Asylum Aid appealed against a High Court ruling last year that the short-cut process to decide whether to remove asylum seekers to Rwanda under the Migration and Economic Development Partnership is fair.
Asylum Aid argued that process adopted by the Home Office was so unfair it rendered it unlawful. The charity said that the time limits of seven days for asylum seekers in detention to make representations on why they should not be sent to Rwanda, was obviously too short. Asylum Aid also argued people needed enough time to access lawyers.

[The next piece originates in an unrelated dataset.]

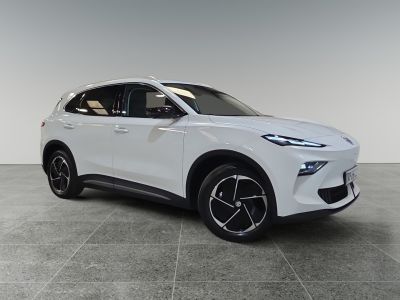 2026 MG MOTOR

In its ruling the Court of Appeal accepted that seven days would not be enough time in the majority of cases. It also accepted that the High Court was wrong to conclude that people did not need to be given enough time to make representations on why Rwanda was generally unsafe and wrong to say they did not need to have access to lawyers. But the court found the policy was not inherently unfair. It said the Home Secretary needed to publish a policy explaining that extensions should be granted where fairness required it. The court also commented that given the decision on safety, no removals would be proceeding for some time.
The Court of Appeal said: “There may be cases where a decision is fair even where there has been no access to legal assistance, but they are likely to be exceptional. As we have seen, the Secretary of State does not contend otherwise and it is her policy to ensure that legal assistance is indeed available.”
The Court of Appeal went on to say: “The evidence clearly establishes, and it is in any event obvious as a matter of common sense and experience, that in many cases it will indeed be impossible for claimants to submit effective representations within seven days of receipt of a Notice of Intent, even if they have ready access to legal assistance and only wish to make representations on matters specific to their particular circumstances.”
But it went on to say that this will not necessarily be impossible in every case.
The court therefore found that the focus needed to be on the Secretary of State’s policy of flexibility.
It found that it is not good enough that that policy is not formally published in the form of guidance to caseworkers nor referred to in the Notice of Intent.
It said: “Claimants and their advisers need to know that the seven-day timetable can be extended where that is shown to be necessary in the interests of fairness. It is important that the guidance makes it clear that the seven-day period should not be treated as a norm and that the grant of extensions is not necessarily exceptional. It may be that if experience shows that extensions are required in a very large number of cases, the Secretary of State might wish to consider providing for a rather longer base-line period; but that must be a matter for her.”